- cross-posted to:
- hardware@lemmit.online
- technology@lemmy.org
- cross-posted to:
- hardware@lemmit.online
- technology@lemmy.org
Apple Discusses Push Towards High-End Mac Gaming in New Interview::Inverse’s Raymond Wong today published an in-depth overview of Apple’s increasing push towards high-end gaming on the Mac. The story includes…
No, Steam works sort of fine on Macs. It’s just that there’s not many new games on Apple these days. I think even native Linux has more games these days.
I wouldn’t be surprised if that’s true. But in my mind, Linux gaming is basically perfect.

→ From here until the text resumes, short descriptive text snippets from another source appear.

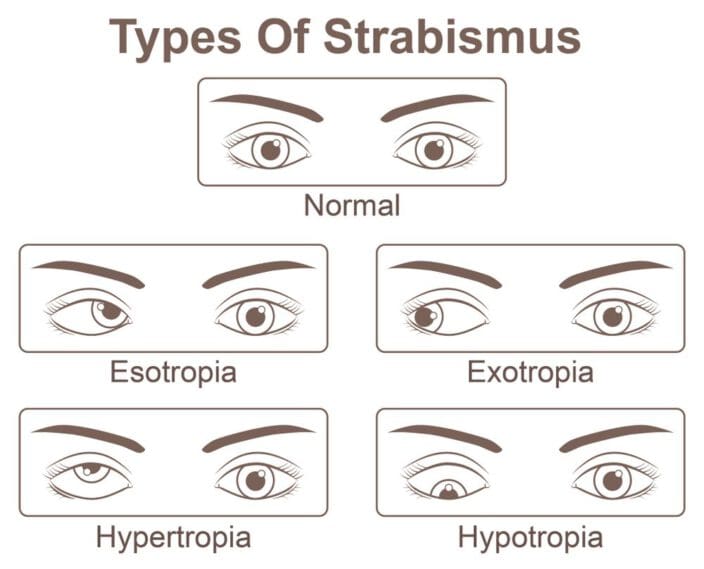 Strabismus (Crossed Eyes) - All About Vision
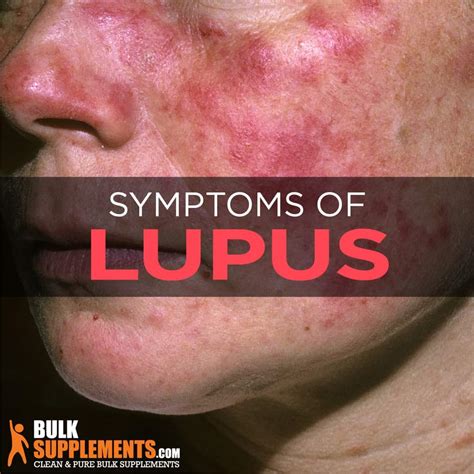 What Is Lupus Signs Causes Symptoms Treatment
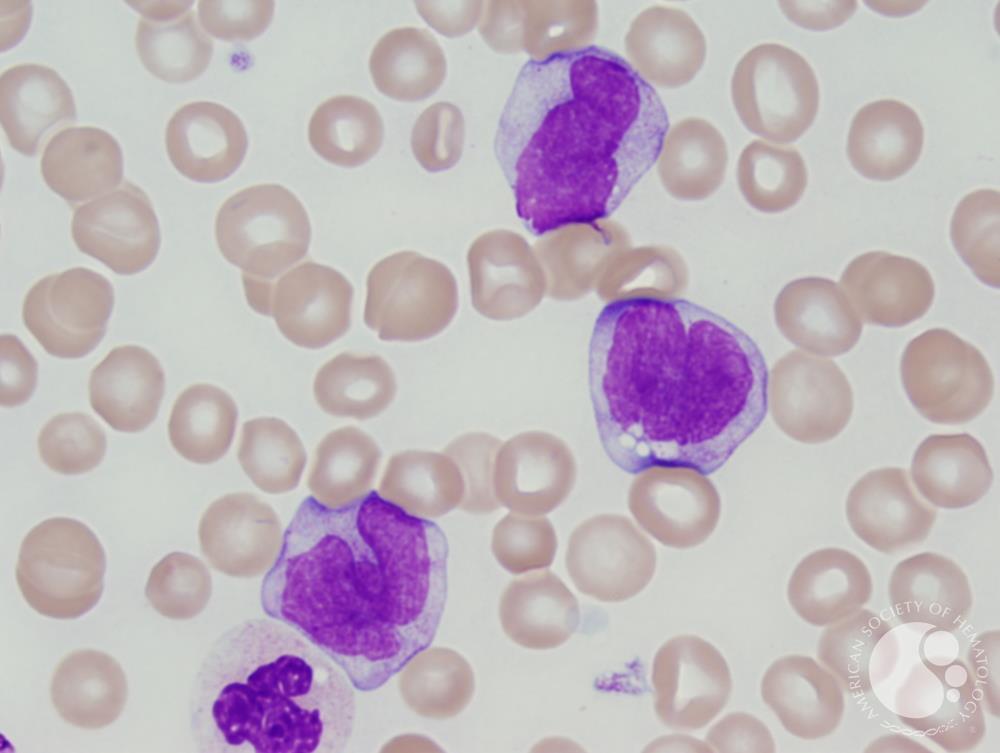 Chronic myelomonocytic leukemia 1 CMML 1 1 Chronic myelomonocytic leukemia 1 CMML 1 1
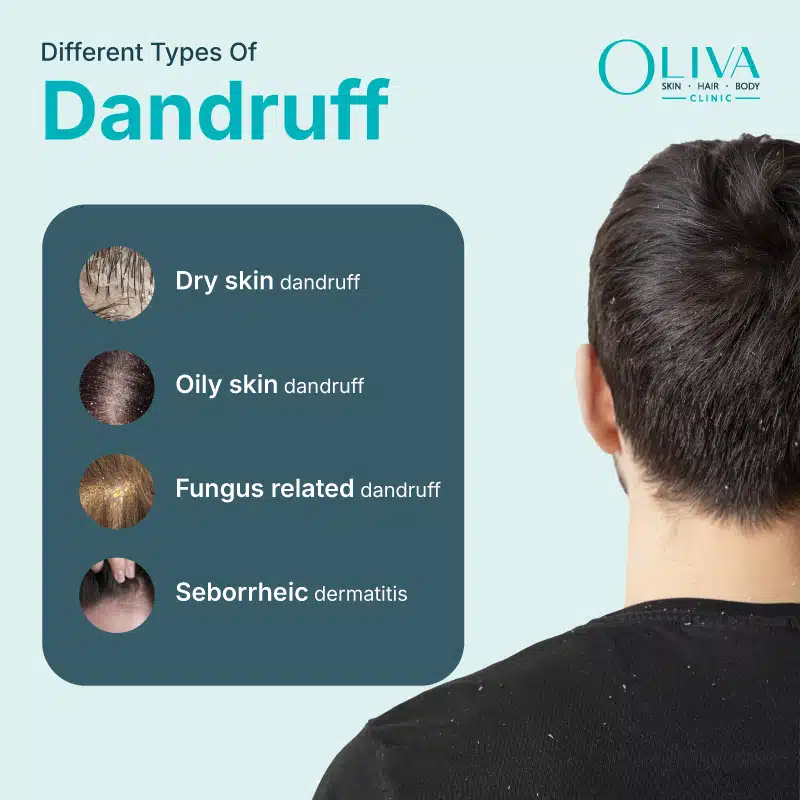 types of dandruff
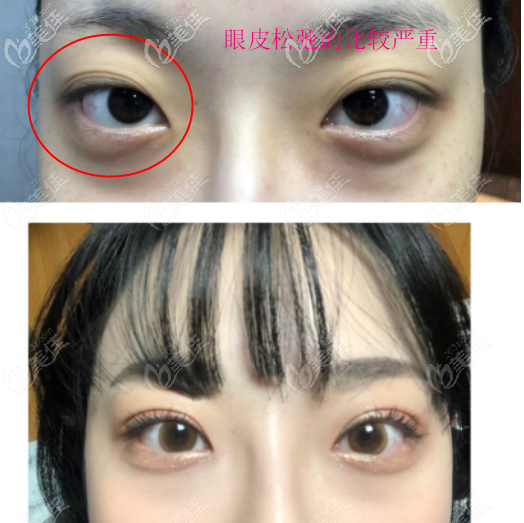 上眼皮松弛凹陷做的窄的开扇型双眼皮案例四 上眼皮松弛凹陷做的窄的开扇型双眼皮案例四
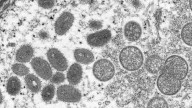 Chicago sees rise in mpox cases in recent months, health officials say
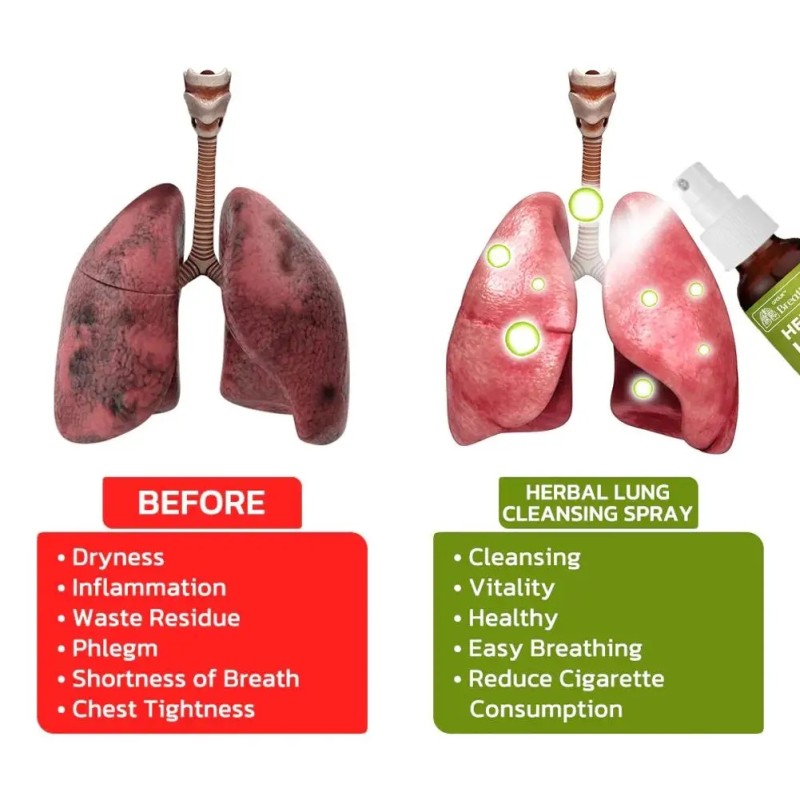 Lung Cleansing Spray Manufacturer - Herbal Breath Detox Mist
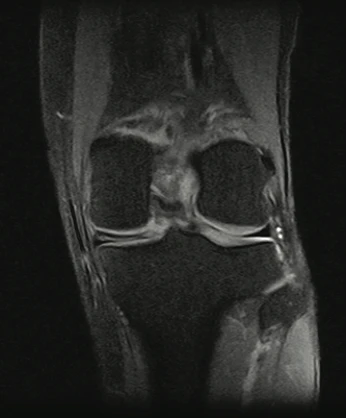 МРТ для исследования костно-мышечной системы Esaote S-Scan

Luckily, I’m not into the kind of games that don’t work on Linux.
Yeah, with Proton enabled, Linux has 99% of all games in Steam these days.
Now I want to see proton on Asahi Linux on a native apple silicon chip.
I know it’s useless, I still want to try it for my nerd spirit.
I tried it. Nothing works because of ARM sadly. I think it is coming close with Box86 but couldn’t get my games to run.
Sort of fine is even an exaggeration. I gifted my GF don’t starve together the other week and steam froze and crashed 3 times just trying to log in. After an hour of trying and failing to get to the library page we just gave up. This is on the current model MBP
I gotcha! Guess i remembered wrong about Macs! I think Linux have a lot of games now with the proton i read around 2900 games that work.
My own experience with Linux and Steam currently (and since roughly beginning of 2023 at least) is that 99% of all games work on Linux/Proton if you enable Proton for everything.
But it’s probably somewhat dependent on your distro and hardware. I have all AMD and Nobara, and with this combo I haven’t met a game that doesn’t work, at least in a year.
In my experience, distro and hardware hardly matters at all.
The 99% figure seems to be about right (I have 2 games out of 240 I can’t get to work).
I have an nvidia card and recently tried out Debian, Opensuse, Slackware and Arch, with equal results.